Roll your eyes if you must, but my beloved spouse and I are one of those couples who rarely argue.
Although we’ve been together for many years, we’ve never thrown a punch, a skillet, or called each other a dirty so-and-so.
Quite frankly, I must give the credit to Pat, for I love nothing more than a good argument, but even when I’m stomping mad he flat-out refuses to give me the “what for.”
Instead of coming back with a “Yeah!” to my “Oh yeah?!” he calmly says, “You’re right, Lori, you’re always right.”
That just cheeses me off. I clench my fists, stomp about, and shoot fire out of my ears as I firmly retort, “Yeah, well maybe I’m not right. Maybe you’re right. Did you ever think of that?”
The audacity of that man telling me that I’m always right.
Still, while I’m sure there are men out there who wonder what goes on in a woman’s mind, I’m certain that my Pat is not one of them because I’m always willing to tell him. I don’t keep things bottled up inside, rarely hold my tongue, and am always willing to voice my opinion. Even though our arguments are few and far between, the other day Pat and I had a doozy of a squabble.
Now, I’ve assisted Pat on many a project in our years of marital bliss, and if there’s one thing that I have learned, it is this: Respect the man’s string line. One might be well-advised to not only respect the string, but to be ever-mindful of it, and at times, pay it homage. Otherwise your project might lean to the left.
The string line doesn’t just appear on a job site, as some might suspect. No sir, turns out some forethought goes into getting that string strung.
As fate would have it, there was a string line involved in this recent project. I knew this in advance because as I approached, my beloved spouse said, “Watch the string,” to which I retorted, in my best childish voice, “You watch the string.”
On this day Pat was wearing headphones and I must admit that sort of ticked me off. The wind was brisk, my gloves were thin, and dang it, my feet ached.

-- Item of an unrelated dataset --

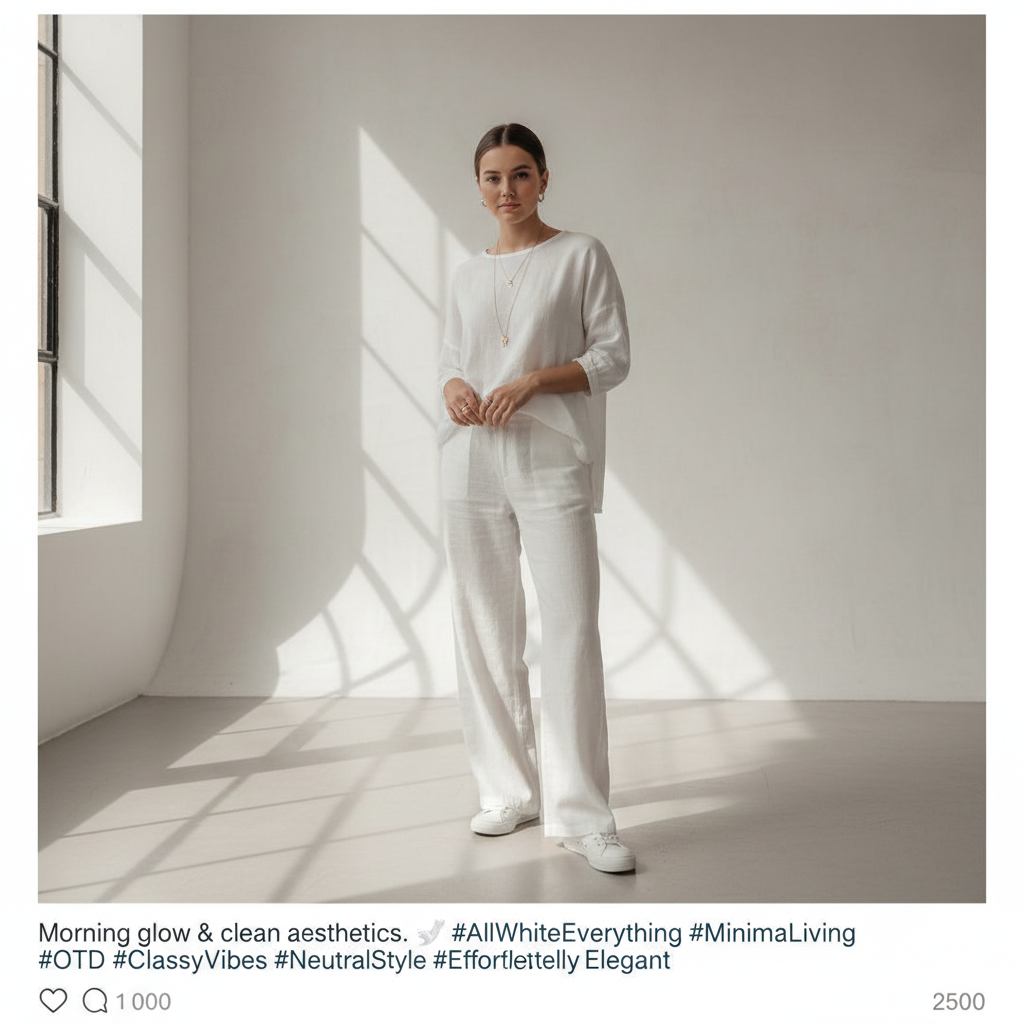 all white outfit captions for instagram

If it weren’t for those headphones, I would have informed Pat of all of this, because I’m sure he wanted to know.
Instead of updating him on my ailments, I belted out Janis Joplin a cappella and shoveled like it was my job. I’m quite a woman, I’ll give you that.
I had just sung out my third repetition of “Come on!” and was about to belt out “Take a … take another little piece of my heart now, baby,” when my Pat hollered out in an uncharacteristic manner, “Dadgummit Lori!”
Not liking to be snapped at, I looked at him with fire and retorted, “What!”
“You broke the dadgummed string!”
There’s a lot that goes on in a person’s mind after she breaks the string. Most times the air stops moving, the winds cease to exist, and if there’s a butterfly nearby, you can dang sure betcha that her wings stop mid-flutter.
As I said, there are men who wonder what women think, and I feel that it’s worth repeating that my Pat isn’t one of them — because if I have a thought, I will surely let him know.
However, I had broken the string, so for once I did my best to hold my tongue. But he had called me on my mistake and worse yet, he waited for a response. When there was none, he said, “What, no comment?”
Lord love him. To say that he got a comment would be an understatement. He got remarks, dialogue, and I must confess, somewhat of a rant, if not a manifesto. I gave him this, I gave him that, and just for good measure, I mentioned the kitchen sink. When I was done I looked at him and inquired, “Is that enough of a comment for ya?”
To which he smiled as he replied, “Yep, that’s just pretty good.”
It’s a darn good thing that we don’t argue.